State agencies and departments are starting the process of developing operating plans for next fiscal year based on the budget appropriations passed by the legislature and signed by Governor Fallin.
The Office of Juvenile Affairs received an increase that will keep a facility open, but the Oklahoma Arts Council took at 7.25 percent cut that will affect the arts grants to organizations statewide.
The Oklahoma Conservation Commission also received less funding that will affect operations and a federal allocation for dam repair. The Oklahoma Department of Wildlife Conservation receives no state tax dollars but anticipates a larger budget because of increasing license fees. The Oklahoma Department of Emergency Management’s budget decreases will not affect operations because of federal funding to the department.
A budget increase from last fiscal year will allow the Office of Juvenile Affairs to keep a girls-only facility open and operating. During the state budget-making process, Director Keith Wilson said any budget reductions would result in the closure of the Norman-based Oklahoma Juvenile Center for Girls, which was opened approximately two years ago. “It wouldn’t just have been in jeopardy. It would have closed,” Wilson said.
Oklahoma Arts Council Executive Director Amber Sharples said she is currently putting together the agency’s fiscal year 2016 budget after receiving a 7.25 percent cut in state appropriations. Sharples said, “We anticipated the cuts knowing that all the agencies across the state were going to have to, in most cases, take some form of a reduction given the shortfall. However we are down 32 percent since fiscal year 2008 and 2009 and our appropriations on the state level are close to the 1997 level.”
The Oklahoma Conservation Commission received at 3.94 percent cut in state funding and Executive Director Trey Lam painted a grim picture for the upcoming fiscal year last Monday. Lam said though the $611 million shortfall was “not positive for pretty much anybody,” the decision to cut the commission’s budget was disappointing. “As you go forward in beginning discussions, the chance of having the same number of employees is very small,” said Lam. “Business won’t be conducted as usual, staffing won’t be as usual. We have to think outside the box.” In addition, the Oklahoma Conservation Commission received no allocation in their 2016 fiscal year state appropriations toward watershed rehabilitation. Lam said the most shocking was the lack of funds given for dam repair. OCC was given $32 million in federal funds, but must match the monies with $8.8 million in state-appropriated dollars.
Despite facing a cut of more than 7 percent in state-appropriated funds, the Oklahoma Department of Emergency Management insists that there will be no noticeable impact to the way the state responds to current or future disaster declarations. Director Albert Ashwood said Thursday that his department will still be able to normally address disasters in the state’s immediate future. OES received $570,054 in state funds for Fiscal Year 2016, compared to $614,614 the previous fiscal year. “It’s not going to affect us in any way, shape or form,” Ashwood said. He added that the agency is about 90 percent federally funded and that the percentage cut to their office is much less noticeable than at other state agencies.

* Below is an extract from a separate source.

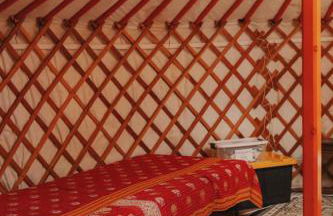 Glamping yurt at nature retreat in Sequoia NForest - Photo 37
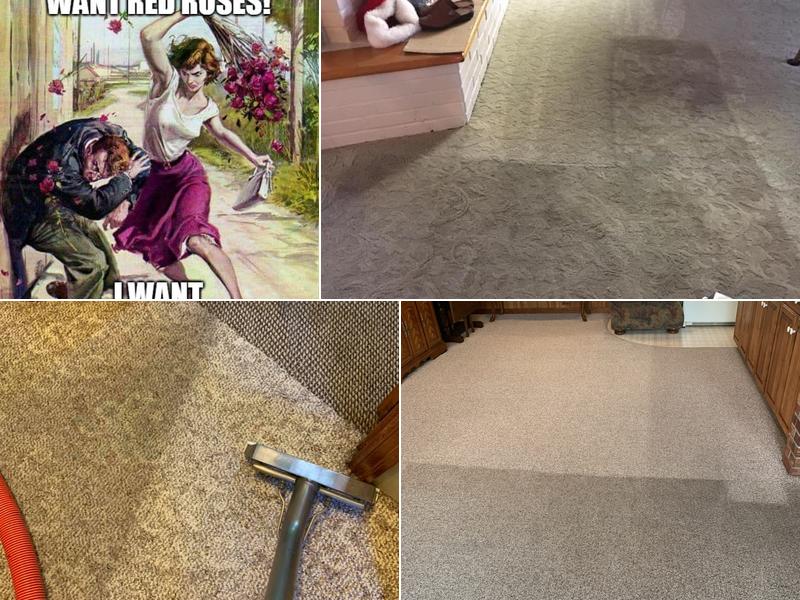 Steamers Carpet Cleaning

The Oklahoma Department of Wildlife Conservation receives no appropriated funds from the state but will have more than $1.5 million more to work with in Fiscal Year 2016 compared to last year. While presenting the coming year’s budget at the department’s regularly scheduled commission meeting, Assistant Director of Administration and Finance Melinda Sturgess-Streich said the increase was mostly due to increased license and other fees and will be used mostly for capital expenditures. The budget for FY2016 totals $63,204,976, a nearly 5 percent increase from the $61,522,252 in FY2015.